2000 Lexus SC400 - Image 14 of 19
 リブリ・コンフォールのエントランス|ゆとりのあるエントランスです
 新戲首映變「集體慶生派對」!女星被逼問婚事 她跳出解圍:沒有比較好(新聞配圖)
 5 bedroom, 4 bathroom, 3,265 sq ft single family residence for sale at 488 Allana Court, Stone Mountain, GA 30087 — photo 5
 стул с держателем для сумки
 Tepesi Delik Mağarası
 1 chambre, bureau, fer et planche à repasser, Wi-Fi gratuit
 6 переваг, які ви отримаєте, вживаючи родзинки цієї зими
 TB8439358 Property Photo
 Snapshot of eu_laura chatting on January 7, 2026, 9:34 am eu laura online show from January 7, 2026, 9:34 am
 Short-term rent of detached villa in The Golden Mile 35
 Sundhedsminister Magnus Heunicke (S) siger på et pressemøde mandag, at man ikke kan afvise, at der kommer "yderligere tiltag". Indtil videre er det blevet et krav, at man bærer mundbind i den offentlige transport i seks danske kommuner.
┄┄┄┄┄┄
Reproduce the material above exactly, beginning at its first line and ending with the line that holds "Snapshot of eu_laura". Include nothing else.

2000 Lexus SC400 - Image 14 of 19
 リブリ・コンフォールのエントランス|ゆとりのあるエントランスです
 新戲首映變「集體慶生派對」!女星被逼問婚事 她跳出解圍:沒有比較好(新聞配圖)
 5 bedroom, 4 bathroom, 3,265 sq ft single family residence for sale at 488 Allana Court, Stone Mountain, GA 30087 — photo 5
 стул с держателем для сумки
 Tepesi Delik Mağarası
 1 chambre, bureau, fer et planche à repasser, Wi-Fi gratuit
 6 переваг, які ви отримаєте, вживаючи родзинки цієї зими
 TB8439358 Property Photo
 Snapshot of eu_laura chatting on January 7, 2026, 9:34 am eu laura online show from January 7, 2026, 9:34 am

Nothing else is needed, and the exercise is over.